Glory Brought

The banning of Aetherworks Marvel is sure to shake up Standard in a big way. Previously, it had been difficult to find a midrange deck that could go toe-to-toe with early Marvel into something large as well as the late game attrition provided by Aetherworks Marvel. Now there’s space in the metagame for people to play more traditional midrange and control decks. What deck is most prepared to step into the hole Aetherworks Marvel left in the metagame? Perhaps it’s this take on Temur ramp:


Kiora, Master of the Depths
There’s a lot of things to like about this deck. In particular, it does a lot of the kinds of things that Marvel was doing, but without the additional upside of the occasional turn four Ulamog, the Ceaseless Hunger. Without that avenue available, this deck takes a different tact to accelerate into big plays and overwhelm the opponent with card advantage.

Your goal is to utilize Oath of Nissa to help ensure you begin the game with a mana creature like Servant of the Conduit or Naga Vitalist. These cards will allow you to accelerate into bigger plays on your third turn; potentially a Kiora, Master of the Depths to help pull ahead on cards or just the ability to cast multiple spells on the following turn, such as a removal spell and a cantrip or mana creature.
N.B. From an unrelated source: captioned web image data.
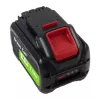 Green Cell akumuliatorius DCB547, skirtas DeWalt XR elektriniams įrankiams 18V 9Ah/FLEXVOLT 54V 3Ah, pakaitalas DCB547 DCB548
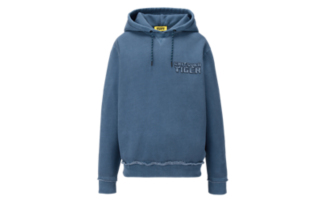 Kids Collectie In Gold We Trust Hoodie Sale SWEAT HOODIE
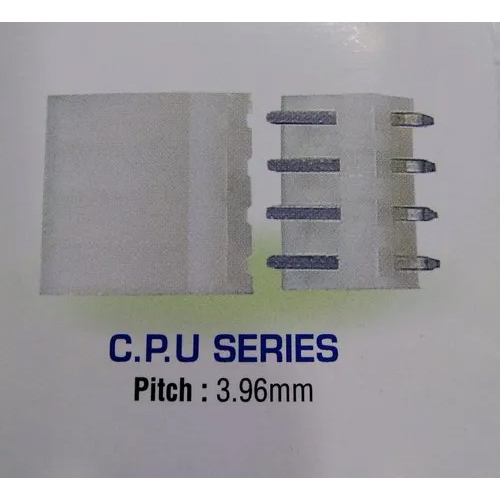 CPU Connectors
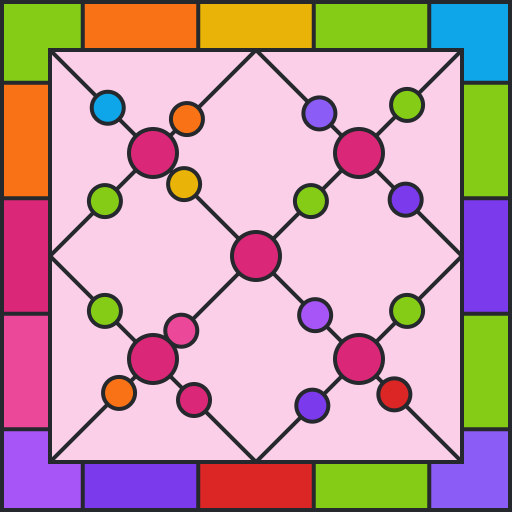 Octorand Gen2 #7713 NFT on Algorand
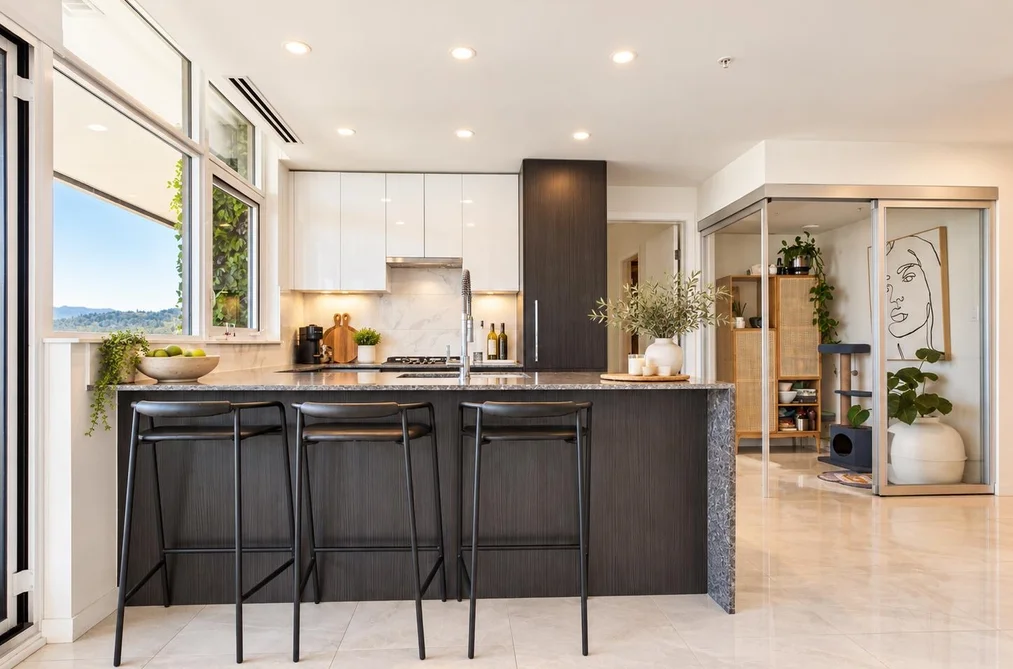 Condo for sale at 2709 5333 Goring Street Burnaby British Columbia - MLS: R3166068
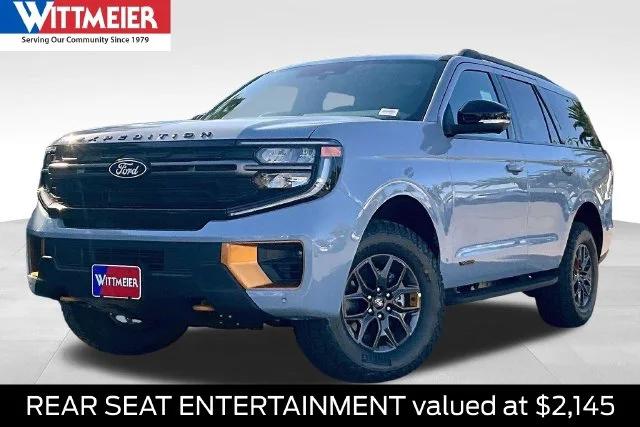 2027 Ford Expedition Tremor for sale in Chico, CA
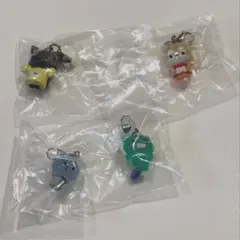 jochumめじるしアクセサリー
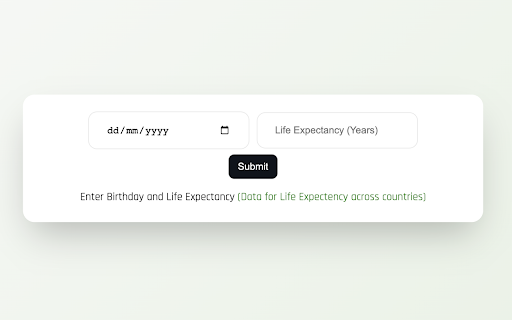 Prana: Your time is limited  from Chrome web store to be run with OffiDocs Chromium online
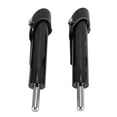 thumbnail image 1 of Weight Stack Pin, ABS Steel Multifunctional Round Weight Stack Machine Pin  for Fitness Equipment 9.5MM,7.8MM, 1 of 7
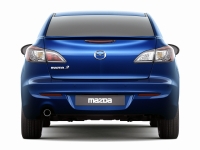 Mazda 3 Sedan (BL) 2.0 AT (150hp) Touring Plus foto, Mazda 3 Sedan (BL) 2.0 AT (150hp) Touring Plus fotos, Mazda 3 Sedan (BL) 2.0 AT (150hp) Touring Plus Bilder, Mazda 3 Sedan (BL) 2.0 AT (150hp) Touring Plus Bild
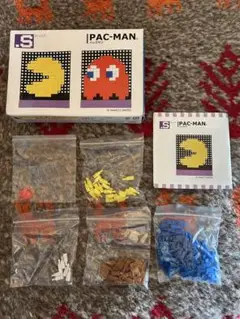 トミー　パックマン　トッツピン　新品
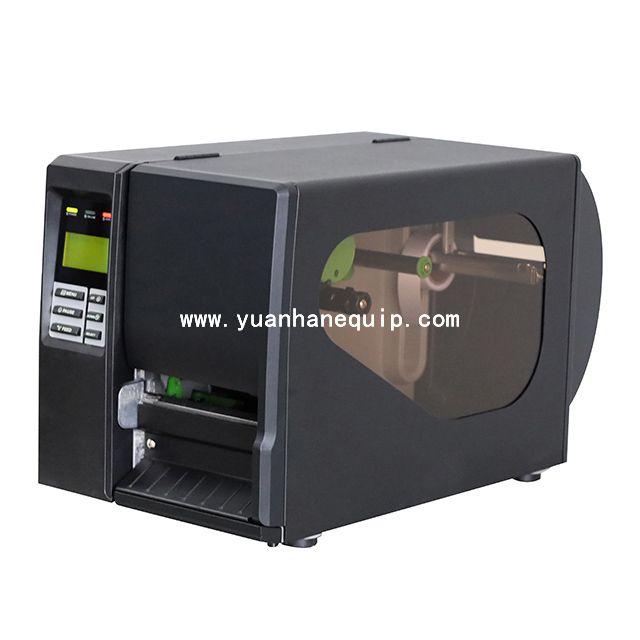 Care Labels Printer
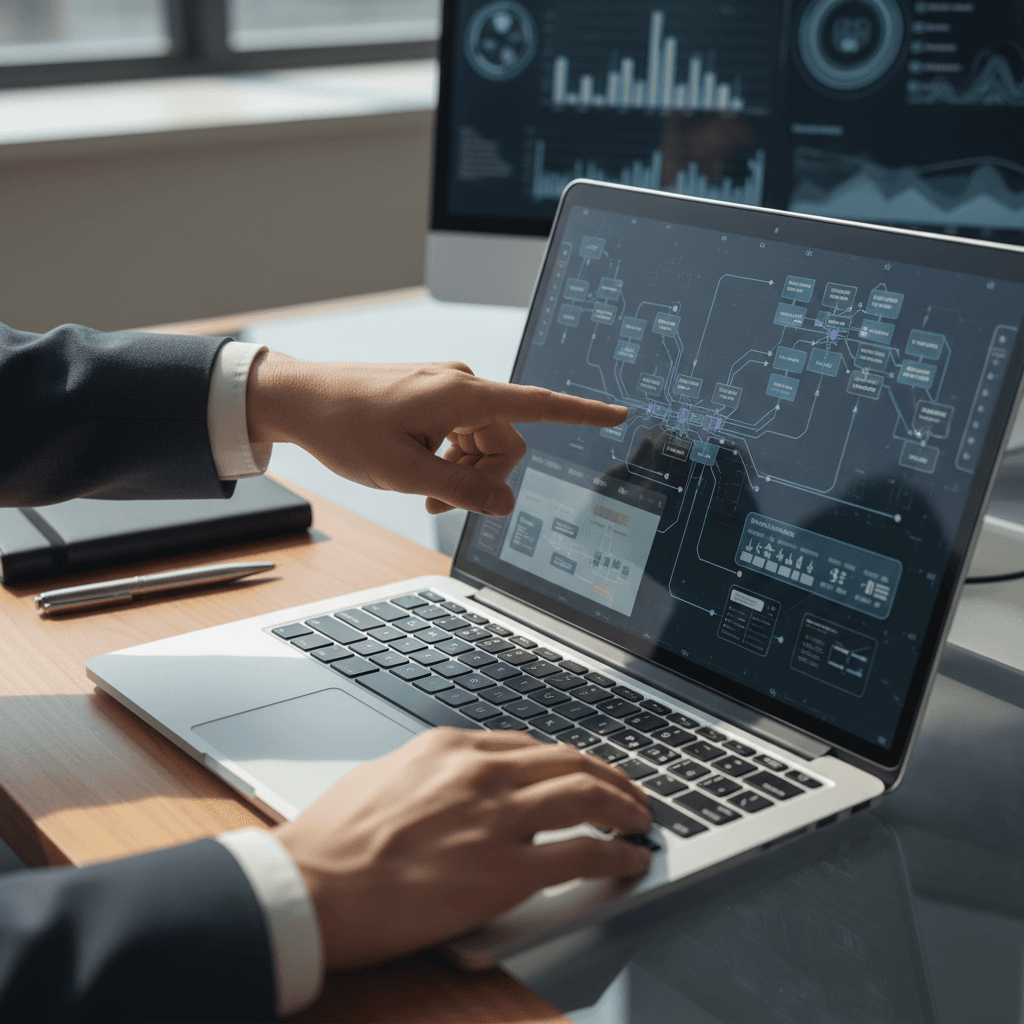 Friendly expert team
Kiora is particularly powerful, since she enables you to untap mana creatures and get even more out of them on subsequent turns.

On the one hand, it’s completely reasonable to swap out pieces of the energy engine in favor of mana acceleration, but where does that leave you as far as the top end of the deck goes? The key to this deck’s endgame is Glorybringer and Crush of Tentacles. Glorybringer is a great way to turn the corner against aggressive decks, particularly in conjunction with Kiora to untap it after you exert it. The other component to your top end is Crush of Tentacles, which allows you to reset the board while rebuying your Oath of Nissa’s, Kioras, and Rogue Refiners to pull even further ahead on cards. If the game goes late enough, you can even create a loop with Greenwarden of Murasa to ensure that you can reset the board every turn for the rest of the game.

The last exciting piece of this deck is that you no longer need to play Attune with Aether, which enables you to play Traverse the Ulvenwald instead. With Kiora and Oath of Nissa providing some of the types that are harder to come by, it’s relatively easy to power delirium, and the ability to tutor for various narrow answers like Ishkanah, Grafwidow or Whirler Virtuoso to keep the board under control while you build your way up to Glorybringer.

If you’re looking to play a Temur midrange deck that plays a similar role to Temur Aetherworks Marvel, then this seems like a great place to start. It’s certainly possible that cards like Crush of Tentacles are a little too cute, and could be replaced with more efficient removal or additional copies of some high impact threats like Ishkanah, Grafwidow. There’s a lot of room to explore in this shell now that you’re not obligated to spend so many slots on energy synergies, and I can’t wait to see where the deck ends up!